Type out the whole listing again exactly, pictures omitted.
** Exercise materials follows **
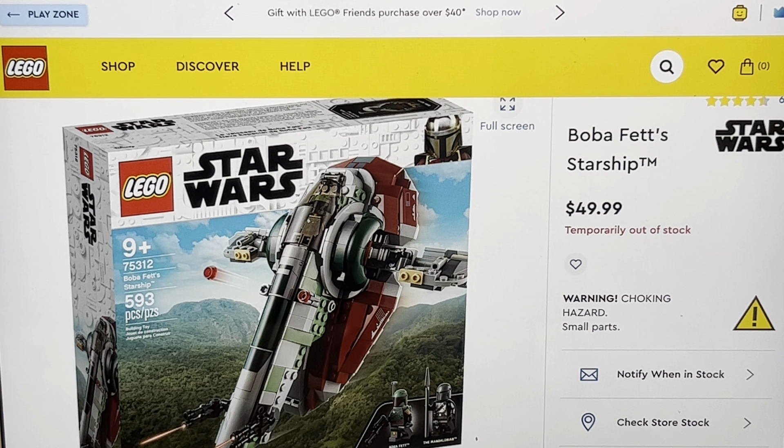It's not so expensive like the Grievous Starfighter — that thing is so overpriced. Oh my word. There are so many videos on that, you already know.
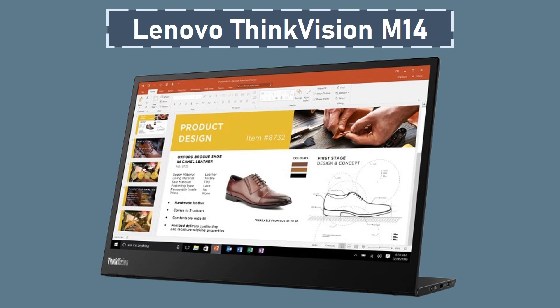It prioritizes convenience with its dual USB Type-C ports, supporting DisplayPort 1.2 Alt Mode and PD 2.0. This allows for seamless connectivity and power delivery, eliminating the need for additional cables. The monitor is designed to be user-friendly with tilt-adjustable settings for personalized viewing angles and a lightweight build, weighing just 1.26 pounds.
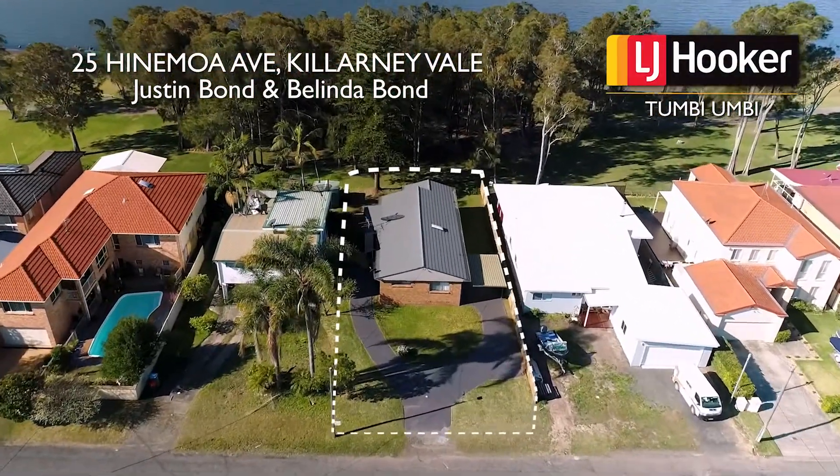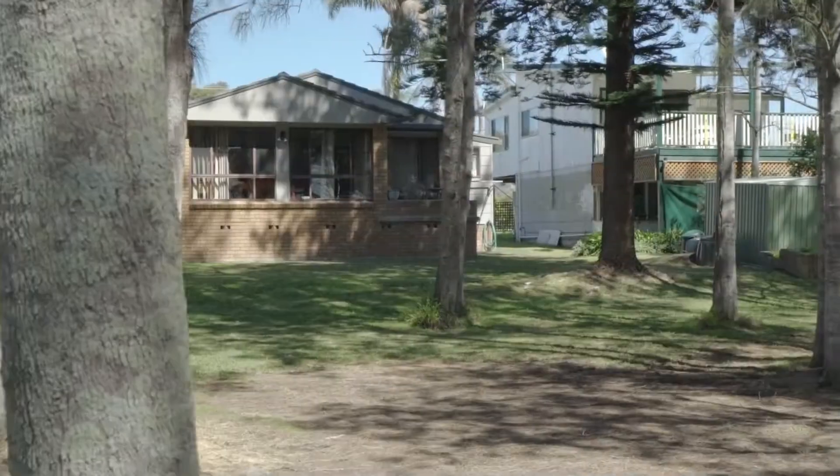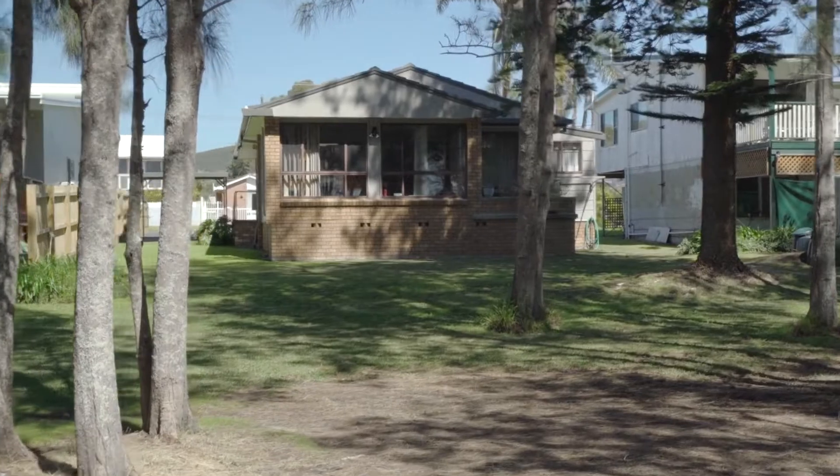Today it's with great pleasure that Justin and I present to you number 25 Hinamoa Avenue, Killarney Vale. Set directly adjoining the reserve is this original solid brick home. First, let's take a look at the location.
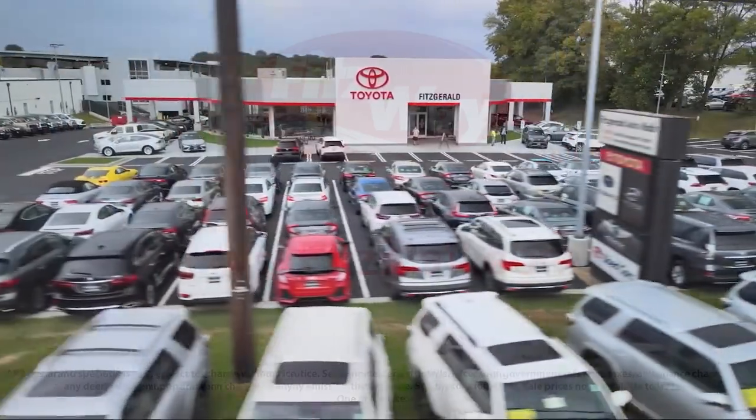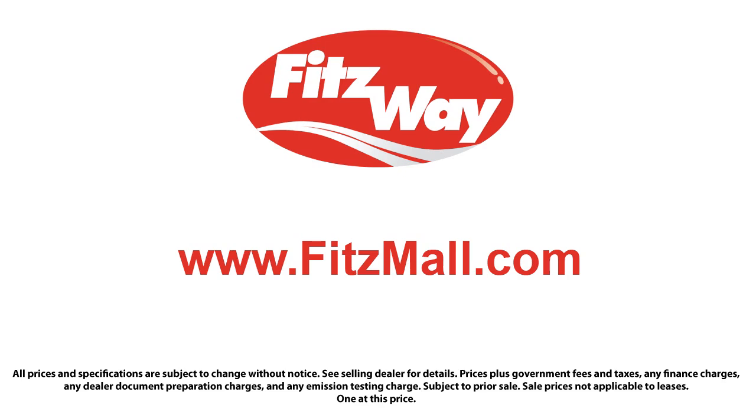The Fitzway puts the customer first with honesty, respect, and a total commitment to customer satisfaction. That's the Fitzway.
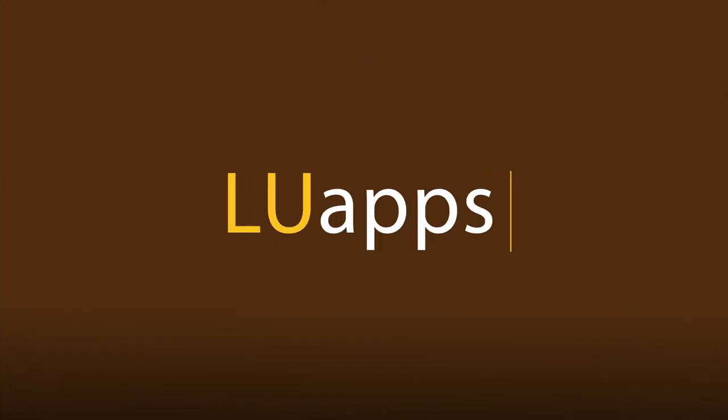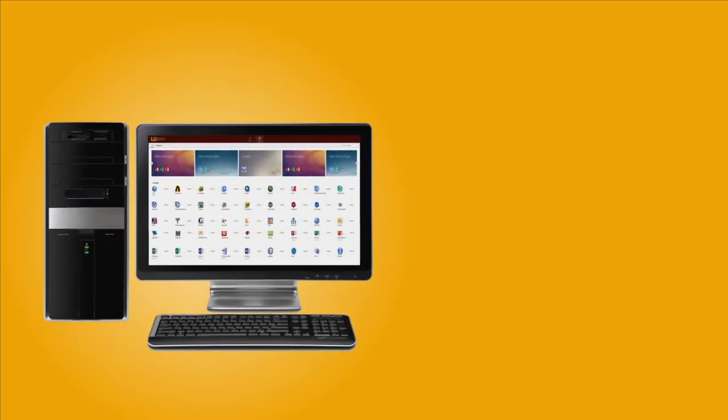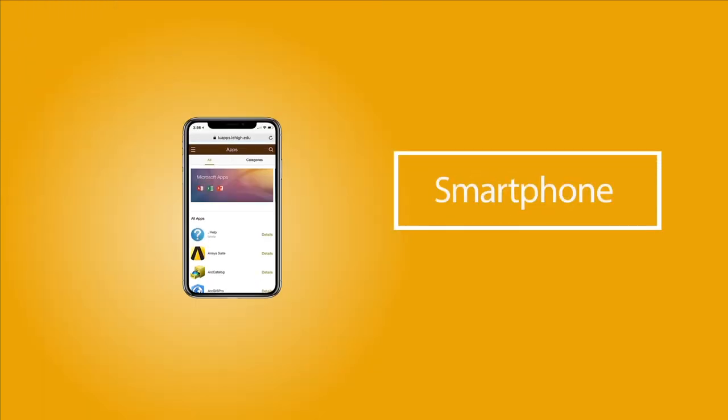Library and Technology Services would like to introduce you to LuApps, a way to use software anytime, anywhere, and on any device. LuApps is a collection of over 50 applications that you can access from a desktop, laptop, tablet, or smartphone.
** End of Exercise materials **
* **Task solution**
It's not so expensive like the Grievous Starfighter — that thing is so overpriced. Oh my word. There are so many videos on that, you already know.
It prioritizes convenience with its dual USB Type-C ports, supporting DisplayPort 1.2 Alt Mode and PD 2.0. This allows for seamless connectivity and power delivery, eliminating the need for additional cables. The monitor is designed to be user-friendly with tilt-adjustable settings for personalized viewing angles and a lightweight build, weighing just 1.26 pounds.
Today it's with great pleasure that Justin and I present to you number 25 Hinamoa Avenue, Killarney Vale. Set directly adjoining the reserve is this original solid brick home. First, let's take a look at the location.
The Fitzway puts the customer first with honesty, respect, and a total commitment to customer satisfaction. That's the Fitzway.
Library and Technology Services would like to introduce you to LuApps, a way to use software anytime, anywhere, and on any device. LuApps is a collection of over 50 applications that you can access from a desktop, laptop, tablet, or smartphone.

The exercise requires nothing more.